La Secretaría de Relaciones Exteriores ha anunciado una serie de medidas encaminadas a brindar protección a los mexicanos que viven sin papeles en Estados Unidos (EU). Se trata, en general, de acciones que ya llevan a cabo las representaciones diplomáticas en el vecino país, muchas de ellas cargadas de retórica e inútiles para ejercer una defensa real de nuestros paisanos.

Es insultante que desde México no se cuestione la posible deportación de más de seis millones de connacionales que viven y trabajan en EU, y que la postura oficial se constriña a anunciar que se les apoyará una vez que sean expulsados de aquel país.

¿México va a seguir cooperando con las deportaciones, como ha hecho hasta ahora, si Trump cumple su amenaza de volverlas masivas?

Resulta igualmente vergonzoso que, en el debate sobre la construcción del muro, la postura mexicana se limite a rechazar que nosotros pagaremos los ladrillos. La construcción de un muro –o más bien la ampliación del existente– debe ser rechazada sin ambages, porque se trata de un acto inamistoso entre dos naciones con numerosos lazos que van más allá del comercio.

México no puede esperar más.
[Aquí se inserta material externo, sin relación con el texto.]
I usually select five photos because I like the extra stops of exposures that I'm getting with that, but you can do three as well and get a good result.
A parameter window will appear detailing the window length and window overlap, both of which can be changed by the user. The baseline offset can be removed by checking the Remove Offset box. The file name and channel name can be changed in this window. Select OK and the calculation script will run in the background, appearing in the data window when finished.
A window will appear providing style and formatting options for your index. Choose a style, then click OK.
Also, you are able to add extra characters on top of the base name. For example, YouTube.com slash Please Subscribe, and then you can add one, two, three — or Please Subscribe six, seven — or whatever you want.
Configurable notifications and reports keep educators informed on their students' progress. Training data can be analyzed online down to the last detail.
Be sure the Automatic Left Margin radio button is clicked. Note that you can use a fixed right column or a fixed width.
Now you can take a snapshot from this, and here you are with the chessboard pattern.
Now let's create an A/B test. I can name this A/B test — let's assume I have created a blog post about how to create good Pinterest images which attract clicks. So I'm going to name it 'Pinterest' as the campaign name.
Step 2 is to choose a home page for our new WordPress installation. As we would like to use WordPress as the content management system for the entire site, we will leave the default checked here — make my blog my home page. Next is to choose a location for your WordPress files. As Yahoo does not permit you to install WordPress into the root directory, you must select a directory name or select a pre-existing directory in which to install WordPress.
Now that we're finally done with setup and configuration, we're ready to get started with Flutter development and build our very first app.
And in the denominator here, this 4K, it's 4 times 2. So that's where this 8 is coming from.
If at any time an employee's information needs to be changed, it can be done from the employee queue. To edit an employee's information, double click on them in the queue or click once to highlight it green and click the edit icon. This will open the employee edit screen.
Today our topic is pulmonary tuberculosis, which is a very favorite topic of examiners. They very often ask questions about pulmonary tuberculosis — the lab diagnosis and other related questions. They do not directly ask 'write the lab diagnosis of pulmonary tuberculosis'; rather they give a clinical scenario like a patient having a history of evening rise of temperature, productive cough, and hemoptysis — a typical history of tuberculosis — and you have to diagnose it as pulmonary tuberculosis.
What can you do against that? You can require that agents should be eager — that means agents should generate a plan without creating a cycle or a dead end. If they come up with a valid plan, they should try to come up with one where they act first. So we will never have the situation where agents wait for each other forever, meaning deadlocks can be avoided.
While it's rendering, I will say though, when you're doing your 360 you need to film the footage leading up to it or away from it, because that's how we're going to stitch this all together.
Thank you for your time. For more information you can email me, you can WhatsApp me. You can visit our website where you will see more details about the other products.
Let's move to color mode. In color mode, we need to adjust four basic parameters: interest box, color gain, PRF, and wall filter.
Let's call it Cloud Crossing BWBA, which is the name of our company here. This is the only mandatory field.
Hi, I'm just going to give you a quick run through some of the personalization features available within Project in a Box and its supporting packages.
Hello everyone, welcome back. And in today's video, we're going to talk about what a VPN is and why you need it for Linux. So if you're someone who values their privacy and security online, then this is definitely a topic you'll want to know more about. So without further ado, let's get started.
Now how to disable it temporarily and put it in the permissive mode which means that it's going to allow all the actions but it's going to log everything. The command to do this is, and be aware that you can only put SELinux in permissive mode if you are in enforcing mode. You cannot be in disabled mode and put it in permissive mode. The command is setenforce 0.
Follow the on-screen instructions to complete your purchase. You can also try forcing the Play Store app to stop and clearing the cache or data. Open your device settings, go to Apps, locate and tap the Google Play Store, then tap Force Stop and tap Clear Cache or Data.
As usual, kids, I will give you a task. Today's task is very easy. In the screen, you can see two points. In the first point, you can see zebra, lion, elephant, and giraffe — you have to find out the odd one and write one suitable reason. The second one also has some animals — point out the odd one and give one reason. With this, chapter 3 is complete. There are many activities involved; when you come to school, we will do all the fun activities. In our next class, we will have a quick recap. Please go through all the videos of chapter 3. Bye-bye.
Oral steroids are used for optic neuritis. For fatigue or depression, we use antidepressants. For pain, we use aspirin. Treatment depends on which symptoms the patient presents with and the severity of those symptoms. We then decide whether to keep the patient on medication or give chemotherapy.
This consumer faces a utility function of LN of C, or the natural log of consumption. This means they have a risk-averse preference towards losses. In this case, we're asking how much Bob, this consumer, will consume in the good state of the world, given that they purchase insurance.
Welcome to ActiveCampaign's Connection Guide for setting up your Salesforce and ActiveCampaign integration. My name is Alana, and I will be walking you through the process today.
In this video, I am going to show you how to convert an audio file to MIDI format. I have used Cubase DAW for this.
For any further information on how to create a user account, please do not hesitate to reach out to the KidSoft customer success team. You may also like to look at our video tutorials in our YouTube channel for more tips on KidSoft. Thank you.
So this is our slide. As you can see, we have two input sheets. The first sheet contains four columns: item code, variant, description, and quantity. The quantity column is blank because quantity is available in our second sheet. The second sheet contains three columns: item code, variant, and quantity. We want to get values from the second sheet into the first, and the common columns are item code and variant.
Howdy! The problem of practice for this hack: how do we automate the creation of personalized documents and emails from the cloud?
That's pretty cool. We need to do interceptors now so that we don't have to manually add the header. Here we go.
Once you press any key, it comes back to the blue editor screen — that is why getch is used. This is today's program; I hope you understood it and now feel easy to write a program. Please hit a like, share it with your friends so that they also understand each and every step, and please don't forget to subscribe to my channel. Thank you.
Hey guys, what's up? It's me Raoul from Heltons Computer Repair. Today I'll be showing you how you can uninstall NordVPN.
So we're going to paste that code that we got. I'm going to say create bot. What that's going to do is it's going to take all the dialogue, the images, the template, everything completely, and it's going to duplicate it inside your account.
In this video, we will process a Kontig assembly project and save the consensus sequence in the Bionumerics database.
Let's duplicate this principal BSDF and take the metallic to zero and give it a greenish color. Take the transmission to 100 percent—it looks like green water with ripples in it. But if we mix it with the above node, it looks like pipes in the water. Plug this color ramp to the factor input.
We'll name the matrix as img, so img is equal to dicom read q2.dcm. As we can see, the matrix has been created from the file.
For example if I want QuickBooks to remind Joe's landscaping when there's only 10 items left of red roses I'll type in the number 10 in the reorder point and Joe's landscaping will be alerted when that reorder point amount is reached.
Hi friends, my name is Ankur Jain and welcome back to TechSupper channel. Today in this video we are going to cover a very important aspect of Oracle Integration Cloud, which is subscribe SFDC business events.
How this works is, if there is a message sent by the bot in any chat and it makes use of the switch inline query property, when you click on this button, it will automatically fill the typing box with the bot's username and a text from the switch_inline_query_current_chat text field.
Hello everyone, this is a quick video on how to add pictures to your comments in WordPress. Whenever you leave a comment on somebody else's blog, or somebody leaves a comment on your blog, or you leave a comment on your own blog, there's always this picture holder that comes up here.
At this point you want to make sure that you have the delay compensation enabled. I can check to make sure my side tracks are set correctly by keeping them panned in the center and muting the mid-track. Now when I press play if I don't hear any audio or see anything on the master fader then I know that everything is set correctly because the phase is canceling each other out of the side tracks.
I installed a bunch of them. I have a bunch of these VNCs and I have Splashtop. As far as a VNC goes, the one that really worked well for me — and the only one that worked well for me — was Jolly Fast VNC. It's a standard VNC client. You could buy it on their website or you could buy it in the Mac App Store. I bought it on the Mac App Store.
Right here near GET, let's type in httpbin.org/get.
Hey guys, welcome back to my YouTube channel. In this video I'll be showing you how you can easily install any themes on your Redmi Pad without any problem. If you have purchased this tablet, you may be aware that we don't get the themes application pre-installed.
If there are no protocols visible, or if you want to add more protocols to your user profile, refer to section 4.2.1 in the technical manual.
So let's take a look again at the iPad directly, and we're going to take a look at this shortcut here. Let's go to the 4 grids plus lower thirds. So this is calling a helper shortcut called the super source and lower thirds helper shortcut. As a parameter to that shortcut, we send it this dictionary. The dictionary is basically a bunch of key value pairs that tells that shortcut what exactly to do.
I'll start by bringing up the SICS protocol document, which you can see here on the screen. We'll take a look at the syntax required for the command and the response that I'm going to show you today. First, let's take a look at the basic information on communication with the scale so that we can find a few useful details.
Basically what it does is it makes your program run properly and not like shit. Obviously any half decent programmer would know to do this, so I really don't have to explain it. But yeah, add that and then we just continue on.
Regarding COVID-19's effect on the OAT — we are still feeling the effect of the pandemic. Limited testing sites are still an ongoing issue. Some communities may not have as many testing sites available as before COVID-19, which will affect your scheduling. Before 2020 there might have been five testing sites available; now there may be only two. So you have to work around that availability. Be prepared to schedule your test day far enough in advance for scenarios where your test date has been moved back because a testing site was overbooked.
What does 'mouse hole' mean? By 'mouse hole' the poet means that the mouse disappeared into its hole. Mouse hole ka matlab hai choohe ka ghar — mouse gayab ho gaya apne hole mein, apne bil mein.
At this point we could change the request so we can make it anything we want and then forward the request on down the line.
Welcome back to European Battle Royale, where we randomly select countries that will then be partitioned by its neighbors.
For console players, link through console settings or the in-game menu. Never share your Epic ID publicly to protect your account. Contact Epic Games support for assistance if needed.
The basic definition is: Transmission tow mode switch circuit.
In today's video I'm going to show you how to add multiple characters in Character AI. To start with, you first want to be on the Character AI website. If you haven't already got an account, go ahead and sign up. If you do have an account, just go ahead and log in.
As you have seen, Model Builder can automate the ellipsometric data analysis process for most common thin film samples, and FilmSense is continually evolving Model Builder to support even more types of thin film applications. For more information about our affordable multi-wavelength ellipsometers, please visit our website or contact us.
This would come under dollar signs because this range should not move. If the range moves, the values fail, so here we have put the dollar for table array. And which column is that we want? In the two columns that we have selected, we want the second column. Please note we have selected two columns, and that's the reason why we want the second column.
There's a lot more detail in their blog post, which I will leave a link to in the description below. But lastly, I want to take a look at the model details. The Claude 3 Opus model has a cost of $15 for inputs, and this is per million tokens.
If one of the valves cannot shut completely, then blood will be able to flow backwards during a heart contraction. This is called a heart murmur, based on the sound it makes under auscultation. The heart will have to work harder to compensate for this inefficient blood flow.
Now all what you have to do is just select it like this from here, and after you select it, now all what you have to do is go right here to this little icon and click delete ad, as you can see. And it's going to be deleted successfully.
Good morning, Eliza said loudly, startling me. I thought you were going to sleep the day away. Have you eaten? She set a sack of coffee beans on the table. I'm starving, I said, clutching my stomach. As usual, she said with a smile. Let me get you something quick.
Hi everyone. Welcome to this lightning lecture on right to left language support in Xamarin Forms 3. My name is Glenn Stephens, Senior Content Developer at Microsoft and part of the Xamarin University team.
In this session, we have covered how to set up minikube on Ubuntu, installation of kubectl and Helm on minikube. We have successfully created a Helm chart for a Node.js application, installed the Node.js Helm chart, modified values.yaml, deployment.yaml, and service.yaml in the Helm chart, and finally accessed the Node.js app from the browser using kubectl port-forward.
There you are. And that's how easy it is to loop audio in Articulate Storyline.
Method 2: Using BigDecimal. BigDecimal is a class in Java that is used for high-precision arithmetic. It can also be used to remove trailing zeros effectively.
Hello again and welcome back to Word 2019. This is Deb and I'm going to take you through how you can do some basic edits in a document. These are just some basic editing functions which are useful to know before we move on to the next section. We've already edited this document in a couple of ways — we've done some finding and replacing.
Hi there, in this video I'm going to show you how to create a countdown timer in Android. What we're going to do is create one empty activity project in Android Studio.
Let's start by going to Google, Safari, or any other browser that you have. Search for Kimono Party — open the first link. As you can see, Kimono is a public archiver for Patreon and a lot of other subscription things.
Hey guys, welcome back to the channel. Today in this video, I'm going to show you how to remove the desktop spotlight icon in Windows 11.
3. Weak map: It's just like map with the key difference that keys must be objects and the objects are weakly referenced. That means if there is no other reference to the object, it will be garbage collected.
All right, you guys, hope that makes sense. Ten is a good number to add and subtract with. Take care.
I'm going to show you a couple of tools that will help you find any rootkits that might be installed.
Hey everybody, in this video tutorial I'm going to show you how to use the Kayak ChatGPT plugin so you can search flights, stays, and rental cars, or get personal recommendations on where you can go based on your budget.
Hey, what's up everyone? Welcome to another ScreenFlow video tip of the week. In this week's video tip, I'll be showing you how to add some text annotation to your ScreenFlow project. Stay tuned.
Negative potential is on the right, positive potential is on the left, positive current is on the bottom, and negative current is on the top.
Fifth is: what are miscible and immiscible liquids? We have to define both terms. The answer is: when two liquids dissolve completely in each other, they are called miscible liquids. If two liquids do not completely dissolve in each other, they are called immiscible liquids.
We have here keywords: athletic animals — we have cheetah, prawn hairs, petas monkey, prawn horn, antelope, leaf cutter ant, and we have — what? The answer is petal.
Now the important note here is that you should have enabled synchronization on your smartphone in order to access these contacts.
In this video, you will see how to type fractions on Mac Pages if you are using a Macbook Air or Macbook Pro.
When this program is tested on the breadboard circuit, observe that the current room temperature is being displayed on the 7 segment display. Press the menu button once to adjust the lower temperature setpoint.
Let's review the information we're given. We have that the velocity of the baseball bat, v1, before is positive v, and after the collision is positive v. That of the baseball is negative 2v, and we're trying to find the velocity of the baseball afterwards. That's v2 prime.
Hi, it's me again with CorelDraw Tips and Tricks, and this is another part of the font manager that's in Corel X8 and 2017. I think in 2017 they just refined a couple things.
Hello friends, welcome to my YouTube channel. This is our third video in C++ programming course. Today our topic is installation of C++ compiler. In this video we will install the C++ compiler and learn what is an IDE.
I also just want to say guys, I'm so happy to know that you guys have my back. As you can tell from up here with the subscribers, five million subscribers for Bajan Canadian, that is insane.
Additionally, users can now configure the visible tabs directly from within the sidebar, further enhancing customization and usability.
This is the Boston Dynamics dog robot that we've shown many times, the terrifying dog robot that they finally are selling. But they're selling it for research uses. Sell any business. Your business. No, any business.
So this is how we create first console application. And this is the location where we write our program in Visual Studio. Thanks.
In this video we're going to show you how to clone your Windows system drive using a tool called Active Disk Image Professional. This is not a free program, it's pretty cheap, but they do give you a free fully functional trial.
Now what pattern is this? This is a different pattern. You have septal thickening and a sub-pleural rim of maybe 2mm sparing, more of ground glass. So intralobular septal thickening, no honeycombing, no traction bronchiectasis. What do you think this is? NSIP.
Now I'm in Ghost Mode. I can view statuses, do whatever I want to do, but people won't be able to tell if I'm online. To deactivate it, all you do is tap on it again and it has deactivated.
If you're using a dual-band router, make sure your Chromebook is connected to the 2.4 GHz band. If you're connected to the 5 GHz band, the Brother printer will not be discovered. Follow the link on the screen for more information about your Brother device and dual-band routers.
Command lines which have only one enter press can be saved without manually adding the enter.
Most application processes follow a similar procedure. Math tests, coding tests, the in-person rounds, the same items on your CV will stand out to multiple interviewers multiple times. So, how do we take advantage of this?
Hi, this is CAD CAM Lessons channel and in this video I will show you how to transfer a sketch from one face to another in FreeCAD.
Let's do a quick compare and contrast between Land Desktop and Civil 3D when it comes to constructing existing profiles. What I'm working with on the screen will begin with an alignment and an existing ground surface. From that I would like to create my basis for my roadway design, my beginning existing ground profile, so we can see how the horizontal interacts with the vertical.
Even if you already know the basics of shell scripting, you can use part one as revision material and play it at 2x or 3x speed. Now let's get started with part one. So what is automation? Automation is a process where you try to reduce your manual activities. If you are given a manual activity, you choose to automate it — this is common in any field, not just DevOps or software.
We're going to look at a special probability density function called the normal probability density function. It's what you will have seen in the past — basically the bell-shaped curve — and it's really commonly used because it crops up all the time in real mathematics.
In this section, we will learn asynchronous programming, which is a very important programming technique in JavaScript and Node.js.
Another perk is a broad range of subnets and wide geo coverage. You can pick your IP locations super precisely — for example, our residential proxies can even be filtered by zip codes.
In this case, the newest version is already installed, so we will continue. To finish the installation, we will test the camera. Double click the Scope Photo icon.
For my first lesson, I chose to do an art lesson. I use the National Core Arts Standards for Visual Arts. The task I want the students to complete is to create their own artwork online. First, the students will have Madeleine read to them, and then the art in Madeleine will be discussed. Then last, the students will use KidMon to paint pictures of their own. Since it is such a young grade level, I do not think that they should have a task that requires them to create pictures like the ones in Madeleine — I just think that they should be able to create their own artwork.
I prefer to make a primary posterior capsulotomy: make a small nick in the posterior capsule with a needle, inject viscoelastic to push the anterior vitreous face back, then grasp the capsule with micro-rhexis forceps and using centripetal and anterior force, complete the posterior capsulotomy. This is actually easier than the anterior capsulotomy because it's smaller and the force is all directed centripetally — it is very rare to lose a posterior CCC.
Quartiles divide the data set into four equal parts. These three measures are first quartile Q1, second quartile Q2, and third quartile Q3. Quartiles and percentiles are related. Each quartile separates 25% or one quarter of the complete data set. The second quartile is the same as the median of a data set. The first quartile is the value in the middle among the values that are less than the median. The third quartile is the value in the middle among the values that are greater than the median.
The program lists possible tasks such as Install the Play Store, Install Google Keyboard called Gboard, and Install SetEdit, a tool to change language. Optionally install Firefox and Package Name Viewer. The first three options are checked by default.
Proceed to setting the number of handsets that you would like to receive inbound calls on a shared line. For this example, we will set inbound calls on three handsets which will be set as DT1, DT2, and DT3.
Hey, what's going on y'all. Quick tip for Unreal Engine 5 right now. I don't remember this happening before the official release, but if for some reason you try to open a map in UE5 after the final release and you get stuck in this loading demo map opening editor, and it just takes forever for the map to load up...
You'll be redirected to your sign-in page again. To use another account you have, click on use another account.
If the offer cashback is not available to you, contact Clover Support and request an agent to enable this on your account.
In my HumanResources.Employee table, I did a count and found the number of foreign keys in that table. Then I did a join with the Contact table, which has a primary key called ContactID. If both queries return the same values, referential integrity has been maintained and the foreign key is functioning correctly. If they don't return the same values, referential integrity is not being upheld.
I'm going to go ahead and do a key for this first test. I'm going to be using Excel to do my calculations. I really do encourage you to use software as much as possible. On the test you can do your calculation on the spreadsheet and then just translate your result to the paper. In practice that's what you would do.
El Trump 'moderado' existe sólo en las ilusiones del gobierno, como muestran sus primeros anuncios y los nombramientos de halcones en importantes cargos.

En el centro de las renegociaciones por venir debe estar la demanda mayor de México, ausente en la discusión de los noventa a pesar de nuestros sagaces negociadores: el respeto a los derechos humanos de los millones de connacionales que viven y trabajan en EU.

La actitud de nuestro país no puede ser reactiva. No podemos esperar los golpes para comenzar nuestra defensa.

Es hora de poner fin a la ingenuidad. Es hora de dejar de usar fórmulas como la 'oportuna ratificación' del TPP y de poner en la mesa la revisión de todos los tratados y acuerdos binacionales, incluyendo los relacionados con seguridad.

No se necesita un pragmatismo enorme ni pequeño, sino un mínimo de 'sentido común geoestratégico' y decisión para defender la soberanía y los intereses nacionales.

El silencio que espera la voz del amo no es el camino.

La autora es senadora de la República.